┏━━

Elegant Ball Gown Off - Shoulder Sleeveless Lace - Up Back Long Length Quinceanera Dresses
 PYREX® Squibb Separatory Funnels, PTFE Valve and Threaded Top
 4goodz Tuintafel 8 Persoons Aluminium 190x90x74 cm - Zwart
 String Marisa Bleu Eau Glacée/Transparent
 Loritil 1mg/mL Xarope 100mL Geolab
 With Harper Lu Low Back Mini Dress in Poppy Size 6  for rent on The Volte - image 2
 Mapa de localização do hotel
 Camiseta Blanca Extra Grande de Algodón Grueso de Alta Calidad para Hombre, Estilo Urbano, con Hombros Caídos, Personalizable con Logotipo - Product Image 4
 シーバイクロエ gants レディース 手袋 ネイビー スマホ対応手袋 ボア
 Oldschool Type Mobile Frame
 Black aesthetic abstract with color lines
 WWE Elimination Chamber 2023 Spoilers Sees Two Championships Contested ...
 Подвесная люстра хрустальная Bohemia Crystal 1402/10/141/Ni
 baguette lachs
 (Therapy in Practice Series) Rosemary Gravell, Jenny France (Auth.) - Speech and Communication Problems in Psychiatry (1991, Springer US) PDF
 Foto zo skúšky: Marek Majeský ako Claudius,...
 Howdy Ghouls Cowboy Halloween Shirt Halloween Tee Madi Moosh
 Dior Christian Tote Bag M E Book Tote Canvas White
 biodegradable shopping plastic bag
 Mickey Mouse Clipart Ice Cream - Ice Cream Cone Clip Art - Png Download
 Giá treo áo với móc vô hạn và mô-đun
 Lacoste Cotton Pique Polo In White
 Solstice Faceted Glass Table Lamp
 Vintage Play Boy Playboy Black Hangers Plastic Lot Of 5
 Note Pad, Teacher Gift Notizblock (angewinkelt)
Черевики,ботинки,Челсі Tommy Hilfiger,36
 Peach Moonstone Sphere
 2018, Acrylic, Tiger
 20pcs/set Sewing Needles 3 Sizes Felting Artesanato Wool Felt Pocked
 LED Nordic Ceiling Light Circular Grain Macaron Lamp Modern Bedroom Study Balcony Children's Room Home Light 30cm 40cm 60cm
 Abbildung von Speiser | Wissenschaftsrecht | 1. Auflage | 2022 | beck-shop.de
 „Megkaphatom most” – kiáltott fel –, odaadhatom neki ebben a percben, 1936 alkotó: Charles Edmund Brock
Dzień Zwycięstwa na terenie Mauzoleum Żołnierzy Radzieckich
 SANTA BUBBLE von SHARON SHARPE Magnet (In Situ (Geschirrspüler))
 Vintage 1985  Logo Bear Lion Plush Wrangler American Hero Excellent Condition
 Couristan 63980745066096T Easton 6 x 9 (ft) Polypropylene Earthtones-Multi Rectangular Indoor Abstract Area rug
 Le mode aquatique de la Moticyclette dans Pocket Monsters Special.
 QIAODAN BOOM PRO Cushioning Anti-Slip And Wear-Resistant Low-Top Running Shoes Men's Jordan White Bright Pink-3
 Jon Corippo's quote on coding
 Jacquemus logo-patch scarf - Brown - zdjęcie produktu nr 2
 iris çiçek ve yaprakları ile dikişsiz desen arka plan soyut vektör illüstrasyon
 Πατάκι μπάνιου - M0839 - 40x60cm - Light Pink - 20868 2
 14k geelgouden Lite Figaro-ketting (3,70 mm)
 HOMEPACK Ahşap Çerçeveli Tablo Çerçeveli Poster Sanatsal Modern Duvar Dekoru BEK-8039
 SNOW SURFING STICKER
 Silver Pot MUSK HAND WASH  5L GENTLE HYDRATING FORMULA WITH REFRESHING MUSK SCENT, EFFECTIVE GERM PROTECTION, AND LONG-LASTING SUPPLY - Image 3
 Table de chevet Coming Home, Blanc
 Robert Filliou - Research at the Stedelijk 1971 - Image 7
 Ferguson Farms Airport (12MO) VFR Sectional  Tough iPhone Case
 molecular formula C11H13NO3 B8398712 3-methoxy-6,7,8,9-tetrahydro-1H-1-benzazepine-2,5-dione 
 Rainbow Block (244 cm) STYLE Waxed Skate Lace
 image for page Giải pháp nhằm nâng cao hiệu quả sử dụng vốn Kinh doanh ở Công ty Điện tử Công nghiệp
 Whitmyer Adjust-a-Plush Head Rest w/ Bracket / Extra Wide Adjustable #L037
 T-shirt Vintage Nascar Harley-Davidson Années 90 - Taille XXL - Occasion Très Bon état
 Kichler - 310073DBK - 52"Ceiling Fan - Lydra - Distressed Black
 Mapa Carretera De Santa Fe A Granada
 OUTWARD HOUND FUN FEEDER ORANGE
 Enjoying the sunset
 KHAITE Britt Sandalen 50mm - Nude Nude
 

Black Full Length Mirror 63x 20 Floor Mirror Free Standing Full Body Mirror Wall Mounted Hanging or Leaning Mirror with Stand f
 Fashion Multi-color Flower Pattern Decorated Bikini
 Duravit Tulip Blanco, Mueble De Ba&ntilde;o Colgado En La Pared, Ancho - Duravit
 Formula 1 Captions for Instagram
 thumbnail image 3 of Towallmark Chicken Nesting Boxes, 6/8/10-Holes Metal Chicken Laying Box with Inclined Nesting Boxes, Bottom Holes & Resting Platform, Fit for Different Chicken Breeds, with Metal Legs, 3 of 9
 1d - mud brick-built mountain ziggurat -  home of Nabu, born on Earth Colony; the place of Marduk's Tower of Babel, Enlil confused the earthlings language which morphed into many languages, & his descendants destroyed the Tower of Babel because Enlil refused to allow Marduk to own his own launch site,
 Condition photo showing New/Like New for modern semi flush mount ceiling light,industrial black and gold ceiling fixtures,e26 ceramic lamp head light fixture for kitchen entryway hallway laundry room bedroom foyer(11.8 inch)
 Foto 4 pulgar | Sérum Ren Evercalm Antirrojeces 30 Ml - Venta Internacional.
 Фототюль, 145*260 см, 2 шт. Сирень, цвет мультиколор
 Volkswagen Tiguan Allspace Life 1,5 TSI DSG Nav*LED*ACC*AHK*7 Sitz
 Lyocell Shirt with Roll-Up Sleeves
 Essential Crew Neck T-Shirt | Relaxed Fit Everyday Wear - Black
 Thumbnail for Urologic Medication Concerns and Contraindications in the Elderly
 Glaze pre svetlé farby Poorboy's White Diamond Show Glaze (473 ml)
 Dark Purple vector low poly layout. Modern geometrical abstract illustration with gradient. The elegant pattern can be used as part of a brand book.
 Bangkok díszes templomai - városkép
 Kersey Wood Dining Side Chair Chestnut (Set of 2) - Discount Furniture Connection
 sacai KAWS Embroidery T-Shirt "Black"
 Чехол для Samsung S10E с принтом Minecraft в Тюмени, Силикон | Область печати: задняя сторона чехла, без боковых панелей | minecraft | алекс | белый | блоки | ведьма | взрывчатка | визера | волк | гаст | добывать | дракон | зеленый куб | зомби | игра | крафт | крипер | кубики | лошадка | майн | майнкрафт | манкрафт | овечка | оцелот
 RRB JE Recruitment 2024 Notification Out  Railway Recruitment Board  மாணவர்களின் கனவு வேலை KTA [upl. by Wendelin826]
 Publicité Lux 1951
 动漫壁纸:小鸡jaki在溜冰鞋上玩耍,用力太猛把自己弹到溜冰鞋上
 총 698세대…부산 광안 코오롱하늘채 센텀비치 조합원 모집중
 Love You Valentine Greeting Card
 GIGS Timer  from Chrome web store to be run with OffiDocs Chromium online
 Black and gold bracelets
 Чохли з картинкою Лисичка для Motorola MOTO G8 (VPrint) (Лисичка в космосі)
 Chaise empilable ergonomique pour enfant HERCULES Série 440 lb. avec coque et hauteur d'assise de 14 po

┗━━

• **TASK ITEM**
Look through the listing and extract every line with "Mapa" in it.

• **ANSWER SECTION**
 Mapa de localização do hotel
 Mapa Carretera De Santa Fe A Granada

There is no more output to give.